Dymo 1570 embossing labeler

Some of the most interesting mechanical solutions seem to have emerged from the transition period between manual and automated means of production — the process of adapting tasks long performed by hand to operate under machine power for the first time.

The initial iterations of the adaptation process usually result in endearingly anthropomorphic machines, since the process of abstracting human motions out of the process isn’t yet complete. (Examples include electric typewriters, sewing machines, automated assembly lines, etc.)

I’m interested in working through this process of converting hand power to mechanical power myself. A Dymo tapewriter represents an unlikely but possibly satisfying platform to turn into an automatic, electronic device.

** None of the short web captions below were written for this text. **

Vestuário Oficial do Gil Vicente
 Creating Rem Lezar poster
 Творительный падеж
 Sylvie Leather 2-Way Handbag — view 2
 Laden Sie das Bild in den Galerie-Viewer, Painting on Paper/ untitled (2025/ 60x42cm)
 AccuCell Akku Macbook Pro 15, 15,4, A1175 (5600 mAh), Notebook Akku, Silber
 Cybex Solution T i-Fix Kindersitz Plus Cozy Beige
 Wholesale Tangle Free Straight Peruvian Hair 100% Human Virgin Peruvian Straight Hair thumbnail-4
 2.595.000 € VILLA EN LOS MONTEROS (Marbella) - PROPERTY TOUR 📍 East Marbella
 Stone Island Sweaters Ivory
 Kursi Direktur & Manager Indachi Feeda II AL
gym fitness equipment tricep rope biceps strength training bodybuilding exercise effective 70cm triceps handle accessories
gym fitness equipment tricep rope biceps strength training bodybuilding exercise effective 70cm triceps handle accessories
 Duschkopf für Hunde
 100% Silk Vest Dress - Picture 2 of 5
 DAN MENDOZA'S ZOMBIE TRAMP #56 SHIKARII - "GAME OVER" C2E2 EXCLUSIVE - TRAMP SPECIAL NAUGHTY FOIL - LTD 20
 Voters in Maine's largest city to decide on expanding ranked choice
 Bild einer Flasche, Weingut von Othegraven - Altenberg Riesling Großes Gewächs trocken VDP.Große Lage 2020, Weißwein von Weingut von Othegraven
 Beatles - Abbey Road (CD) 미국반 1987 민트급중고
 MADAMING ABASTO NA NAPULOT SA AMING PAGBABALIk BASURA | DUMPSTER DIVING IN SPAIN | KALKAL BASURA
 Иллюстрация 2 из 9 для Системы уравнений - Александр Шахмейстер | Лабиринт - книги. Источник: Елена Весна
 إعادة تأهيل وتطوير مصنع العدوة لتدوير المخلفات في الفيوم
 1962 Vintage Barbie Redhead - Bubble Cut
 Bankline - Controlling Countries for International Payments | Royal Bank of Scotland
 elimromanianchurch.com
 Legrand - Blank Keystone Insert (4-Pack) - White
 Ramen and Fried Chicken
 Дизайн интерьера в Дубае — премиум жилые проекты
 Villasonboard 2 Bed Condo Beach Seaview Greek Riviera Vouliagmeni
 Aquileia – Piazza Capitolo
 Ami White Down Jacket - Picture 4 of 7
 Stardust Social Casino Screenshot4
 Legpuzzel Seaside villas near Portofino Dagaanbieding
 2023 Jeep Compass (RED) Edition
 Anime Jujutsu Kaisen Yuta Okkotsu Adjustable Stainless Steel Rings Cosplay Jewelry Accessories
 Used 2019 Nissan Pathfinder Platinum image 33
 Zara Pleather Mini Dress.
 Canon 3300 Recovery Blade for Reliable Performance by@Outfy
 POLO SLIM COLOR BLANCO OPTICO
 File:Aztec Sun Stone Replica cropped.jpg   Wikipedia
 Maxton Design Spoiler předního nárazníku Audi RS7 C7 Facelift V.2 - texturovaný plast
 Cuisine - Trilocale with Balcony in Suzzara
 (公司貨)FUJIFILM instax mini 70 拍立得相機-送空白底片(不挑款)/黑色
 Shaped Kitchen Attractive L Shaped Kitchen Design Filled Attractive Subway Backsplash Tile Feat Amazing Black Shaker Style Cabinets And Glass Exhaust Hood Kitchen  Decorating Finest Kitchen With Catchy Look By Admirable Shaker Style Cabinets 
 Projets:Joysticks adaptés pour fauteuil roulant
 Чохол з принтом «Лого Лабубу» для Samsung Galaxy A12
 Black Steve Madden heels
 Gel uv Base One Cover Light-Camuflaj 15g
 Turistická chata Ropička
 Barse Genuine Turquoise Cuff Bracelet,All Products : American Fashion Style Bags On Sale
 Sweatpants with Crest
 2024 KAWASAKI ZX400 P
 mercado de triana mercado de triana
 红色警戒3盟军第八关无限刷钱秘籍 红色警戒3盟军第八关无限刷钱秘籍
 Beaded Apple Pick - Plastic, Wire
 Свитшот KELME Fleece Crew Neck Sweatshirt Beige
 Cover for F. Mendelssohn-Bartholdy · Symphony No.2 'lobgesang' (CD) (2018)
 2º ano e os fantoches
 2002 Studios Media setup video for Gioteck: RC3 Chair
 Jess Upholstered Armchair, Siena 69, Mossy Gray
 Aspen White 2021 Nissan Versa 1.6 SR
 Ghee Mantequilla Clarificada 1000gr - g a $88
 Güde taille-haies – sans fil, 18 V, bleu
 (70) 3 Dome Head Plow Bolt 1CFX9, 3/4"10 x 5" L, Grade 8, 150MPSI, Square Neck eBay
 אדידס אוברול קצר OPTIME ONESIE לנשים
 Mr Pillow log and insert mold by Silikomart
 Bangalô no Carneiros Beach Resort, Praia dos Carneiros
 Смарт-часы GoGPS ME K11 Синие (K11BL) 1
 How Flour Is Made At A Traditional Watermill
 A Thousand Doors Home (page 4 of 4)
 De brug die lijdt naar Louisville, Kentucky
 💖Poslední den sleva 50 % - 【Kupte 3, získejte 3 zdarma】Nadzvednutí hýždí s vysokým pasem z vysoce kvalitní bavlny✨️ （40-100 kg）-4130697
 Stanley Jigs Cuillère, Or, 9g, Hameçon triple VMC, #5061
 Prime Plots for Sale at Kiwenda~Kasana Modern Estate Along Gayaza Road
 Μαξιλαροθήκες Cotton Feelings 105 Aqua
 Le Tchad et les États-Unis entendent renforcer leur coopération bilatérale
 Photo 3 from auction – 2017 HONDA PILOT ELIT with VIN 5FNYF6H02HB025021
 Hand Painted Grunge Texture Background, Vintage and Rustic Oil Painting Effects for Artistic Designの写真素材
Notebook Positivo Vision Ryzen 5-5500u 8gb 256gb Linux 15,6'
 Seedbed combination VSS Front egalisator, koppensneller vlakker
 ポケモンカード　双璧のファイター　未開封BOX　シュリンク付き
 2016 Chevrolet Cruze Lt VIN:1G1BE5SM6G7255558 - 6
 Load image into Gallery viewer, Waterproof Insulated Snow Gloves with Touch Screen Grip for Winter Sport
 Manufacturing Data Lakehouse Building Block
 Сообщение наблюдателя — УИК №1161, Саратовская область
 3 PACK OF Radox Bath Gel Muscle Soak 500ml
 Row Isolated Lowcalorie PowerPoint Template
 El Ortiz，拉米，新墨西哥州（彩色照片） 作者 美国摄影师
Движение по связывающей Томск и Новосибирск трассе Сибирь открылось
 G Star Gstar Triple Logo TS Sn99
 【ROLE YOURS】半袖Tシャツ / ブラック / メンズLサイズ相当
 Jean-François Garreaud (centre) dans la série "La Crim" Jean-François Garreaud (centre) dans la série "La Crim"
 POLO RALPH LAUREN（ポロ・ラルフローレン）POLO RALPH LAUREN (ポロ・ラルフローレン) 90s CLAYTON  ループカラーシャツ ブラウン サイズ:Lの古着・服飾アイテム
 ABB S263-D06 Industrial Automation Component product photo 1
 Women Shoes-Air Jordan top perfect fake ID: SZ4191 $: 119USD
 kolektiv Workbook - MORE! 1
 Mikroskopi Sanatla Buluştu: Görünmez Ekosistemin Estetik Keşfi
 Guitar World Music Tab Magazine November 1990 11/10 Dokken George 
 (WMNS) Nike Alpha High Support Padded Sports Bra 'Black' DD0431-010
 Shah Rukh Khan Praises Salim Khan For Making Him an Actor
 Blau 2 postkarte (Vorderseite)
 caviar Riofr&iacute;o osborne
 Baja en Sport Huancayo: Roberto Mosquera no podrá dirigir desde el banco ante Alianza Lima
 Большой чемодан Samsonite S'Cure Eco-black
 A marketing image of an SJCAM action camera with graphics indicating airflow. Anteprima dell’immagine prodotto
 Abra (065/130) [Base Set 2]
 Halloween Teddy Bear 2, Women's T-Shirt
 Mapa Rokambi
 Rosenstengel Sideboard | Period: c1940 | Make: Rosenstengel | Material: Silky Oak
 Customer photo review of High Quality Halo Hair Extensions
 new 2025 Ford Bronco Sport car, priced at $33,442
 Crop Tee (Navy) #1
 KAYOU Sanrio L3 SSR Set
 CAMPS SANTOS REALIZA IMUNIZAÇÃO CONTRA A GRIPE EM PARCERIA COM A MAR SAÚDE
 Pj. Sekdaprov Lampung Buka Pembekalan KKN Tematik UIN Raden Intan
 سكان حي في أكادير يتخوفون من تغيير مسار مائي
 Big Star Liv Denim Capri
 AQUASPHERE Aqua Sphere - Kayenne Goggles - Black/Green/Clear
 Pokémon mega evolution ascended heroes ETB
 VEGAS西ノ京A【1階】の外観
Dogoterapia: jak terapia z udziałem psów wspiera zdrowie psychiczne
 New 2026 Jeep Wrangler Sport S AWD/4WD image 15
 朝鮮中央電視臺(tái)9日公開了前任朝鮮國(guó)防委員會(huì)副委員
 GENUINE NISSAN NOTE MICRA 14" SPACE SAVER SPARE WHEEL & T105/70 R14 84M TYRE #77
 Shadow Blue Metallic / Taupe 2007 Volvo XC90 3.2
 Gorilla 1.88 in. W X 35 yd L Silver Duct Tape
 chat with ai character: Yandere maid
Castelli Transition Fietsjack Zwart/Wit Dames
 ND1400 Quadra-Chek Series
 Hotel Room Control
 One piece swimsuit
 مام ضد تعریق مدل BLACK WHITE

I’m also interested in unintended and unknown physical consequences for actions taken online. The stream of new tag data on sites like Flickr could provide interesting source text, and would force the idea of a tag into the physical world — e.g. here’s a machine that involuntarily spits out sticky pieces of tape with letters on them that could, conceivably, tag real-world objects.

Thus, the TagBot. A mechanized, automatic Dymo tapewriter which scrapes new tag data from Flickr in real time, and generates labels accordingly.

A slightly more ambitious variant could be built with mobility in mind — you could position it somewhere in the city, and it would spit out tags from photographs taken in the vicinity.

Mechanically, several factors need to be accounted for:

  • Rotation and indexing of the character wheel — a stepper motor would probably suffice.
  • The space — a light squeeze on the handle advances the tape without printing a letter. A strong motor or solenoid could manage this.
  • Character printing — a harder squeeze on the handle.
  • Cut — a hard squeeze on another lever.
  • Pull — a motor to pull the finished tag out of the printer.
  • Tape reloading — Dymo tape rolls are pretty short, some kind of automated reloading system would be great, but probably beyond the scope / time available for the midterm.

Code and control will require the following:

  • An Arduino to coordinate the motions of each mechanical element.
  • An interface with the Flickr API to fetch the latest tags. (Either serially from a laptop, or directly over a WiShield.)
  • Code to reduce the character set to those present on the character wheel.